Correlation Between Bezeq Israeli and Meitav Dash
Can any of the company-specific risk be diversified away by investing in both Bezeq Israeli and Meitav Dash at the same time? Although using a correlation coefficient on its own may not help to predict future stock returns, this module helps to understand the diversifiable risk of combining Bezeq Israeli and Meitav Dash into the same portfolio, which is an essential part of the fundamental portfolio management process.
By analyzing existing cross correlation between Bezeq Israeli Telecommunication and Meitav Dash Investments, you can compare the effects of market volatilities on Bezeq Israeli and Meitav Dash and check how they will diversify away market risk if combined in the same portfolio for a given time horizon. You can also utilize pair trading strategies of matching a long position in Bezeq Israeli with a short position of Meitav Dash. Check out your portfolio center. Please also check ongoing floating volatility patterns of Bezeq Israeli and Meitav Dash.
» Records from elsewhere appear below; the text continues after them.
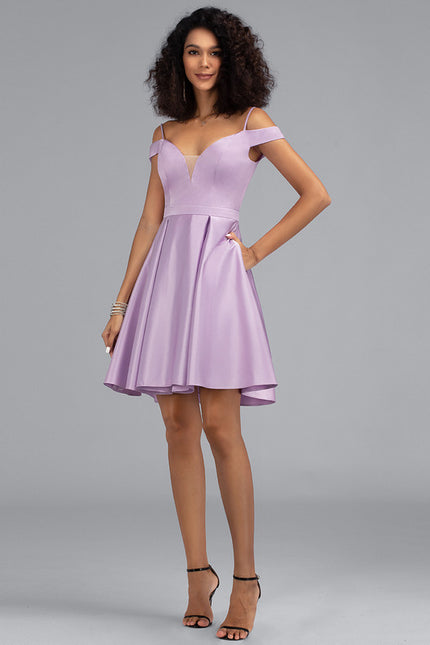 Robe Courte Satin Lilas - gallery 2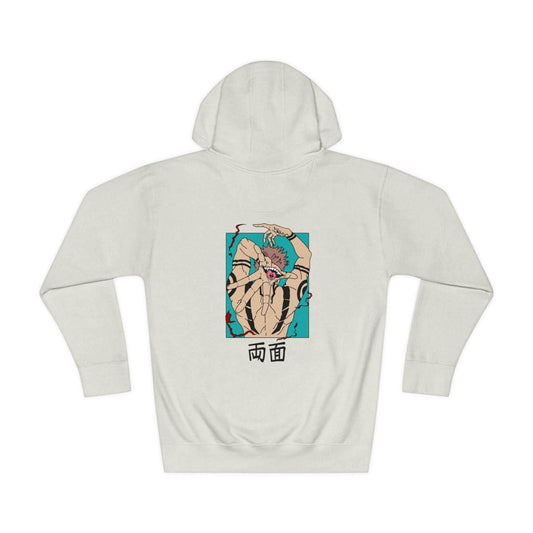Sukuna x Itadori Premium Unisex Anime Manga Hoodie - Bone / S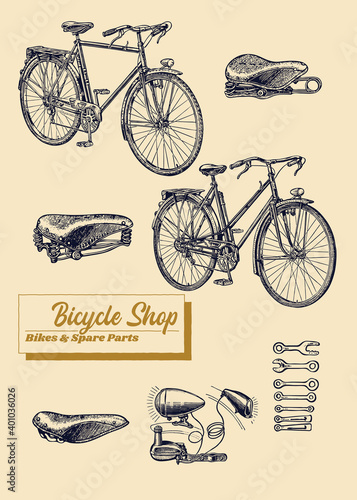 Bicycle Shop Bike and Spare Parts vintage illustration of bikes , saddles and tools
Diversification Opportunities for Bezeq Israeli and Meitav Dash
0.91 | Correlation Coefficient |
Almost no diversification
The 3 months correlation between Bezeq and Meitav is 0.91. Overlapping area represents the amount of risk that can be diversified away by holding Bezeq Israeli Telecommunicatio and Meitav Dash Investments in the same portfolio, assuming nothing else is changed. The correlation between historical prices or returns on Meitav Dash Investments and Bezeq Israeli is a relative statistical measure of the degree to which these equity instruments tend to move together. The correlation coefficient measures the extent to which returns on Bezeq Israeli Telecommunication are associated (or correlated) with Meitav Dash. Values of the correlation coefficient range from -1 to +1, where. The correlation of zero (0) is possible when the price movement of Meitav Dash Investments has no effect on the direction of Bezeq Israeli i.e., Bezeq Israeli and Meitav Dash go up and down completely randomly.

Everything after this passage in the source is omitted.